I call myself an American even though I was born and have lived elsewhere. Last week my husband and I helped my brother move to a small town in Texas, where he is their new City Manager.
It is a quiet, charming, peaceful town. Within minutes of my brother's arrival, a neighbor drove by to give him a cucumber from her backyard. The police chief came by soon after and stayed to help my brother unpack his new refrigerator. There is a lady in town who has a large antique store, where it seems everyone has an open invitation to come by for coffee or lunch or just to sit a spell.
There was a time when most of our towns were like that, when a new family in the neighborhood was greeted with pies, plants, and a lot of neighborly welcomes and well-wishing.
My family moved into our current neighborhood about three years ago the neighbors have gone out of their way to be, well, neighborly.
My husband helped air up a neighbor's tire; not long afterward a loaf of pecan bread was brought to our door.

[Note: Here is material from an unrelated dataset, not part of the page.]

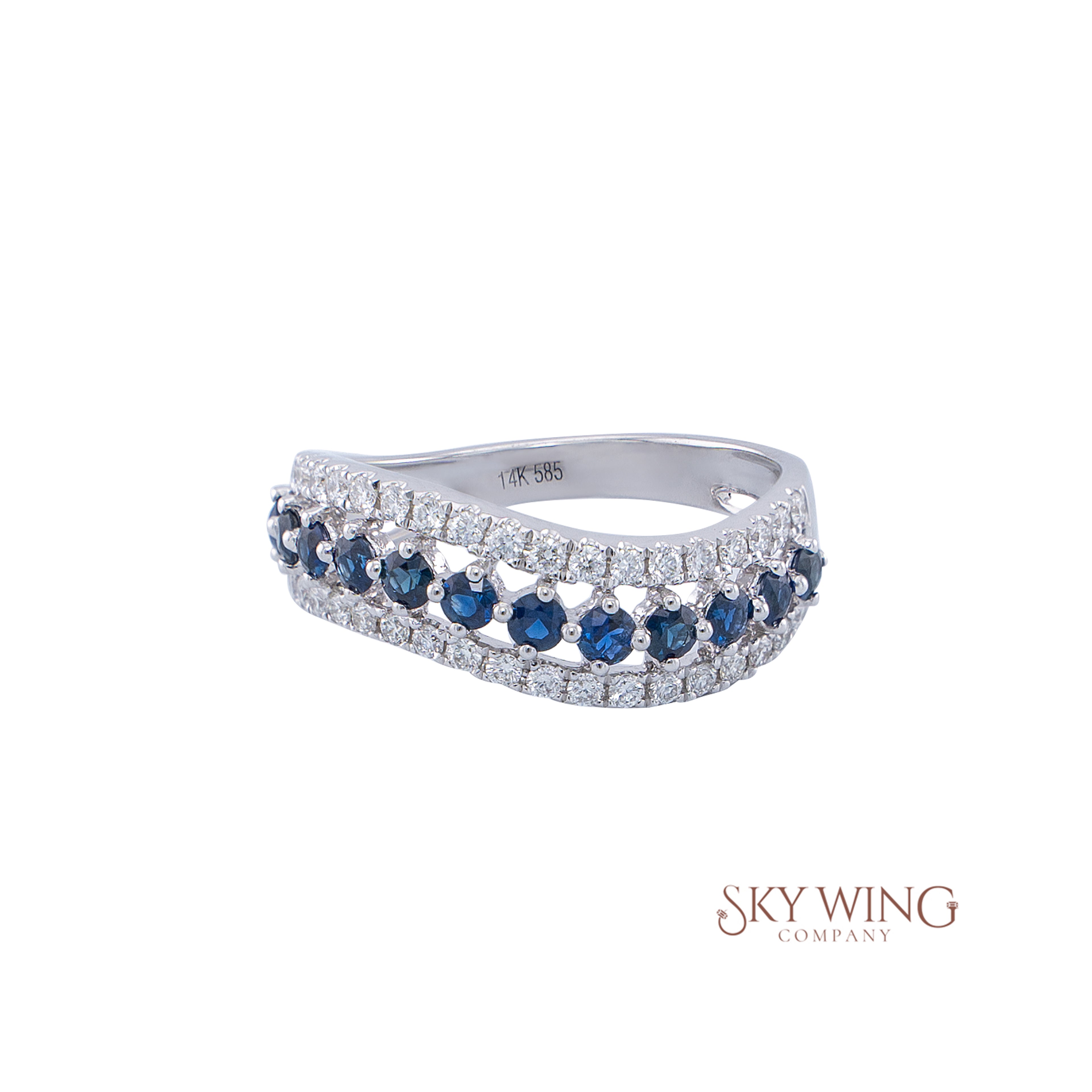 DIA: &amp; SAPPHIRE TRIPLE WAVE RING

Another time, our dog was missing for days and was returned when I wasn't home. The neighbors across the street took her, bathed, dried, combed, and fluffed her poodle curls then proudly brought her to me when I got home. Another neighbor saw that a couple of our trees were iron deficient and brought some special iron supplement over. Our next door neighbor brings peaches or apricots when his trees are fruit laden. This is the way most of Lubbock used to be; this is the way Lubbock should be.

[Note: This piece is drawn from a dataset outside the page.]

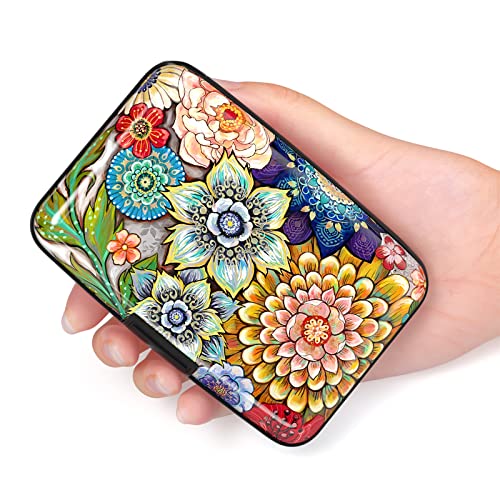 Hsxnam Credit Card Holder For Women, Small Rfid Metal Credit Cards Wallets Cute Business Card Holder Pocket Id Case, Mandala Flower #TOP1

In our old neighborhood, the people across the street were quiet, seemingly nice people. It was a scorching June day when my beautiful 12-year-old Himalayan cat got out and was gone for about six hours. My daughter told me the people across the street had her in a trap. I almost didn't believe her. I went and looked. My beautiful, big blue-eyed, long haired cat was trapped in a metal cage which was chained to a metal post sitting on cement in direct sunlight for at least four hours on a day when the temperature reached 104! My beautiful cat was almost dead from the heat and lack of water. She had thick black bile all down the front of her. I knocked on their door because I was sure it was a mistake. What kind of people would knowingly trap a cat in the heat like that? Well, they had, and they were not going to give her back; that is, until my husband who was soon followed by the police arrived. They were nice people, I thought. They were church-going people which meant that they were good people, right? I said so in front of my husband's family, who responded almost in unison, "Going to church doesn't mean a thing!" What I want to know is, how and when did we, as a people, as a neighborhood, as a community fall so wide of the mark that going to church no longer means something? Has it become an activity to be tolerated only as a prelude to going out to eat? I thank God for neighborhoods like the one we live in now and for towns like my brother's where a cucumber and a cup of coffee are sincere.
At times I am saddened by what I see our towns and our lives becoming, because I know what she once was and what she could be if we became a community again. Most of all, I really want to know, when did going to church cease to mean something?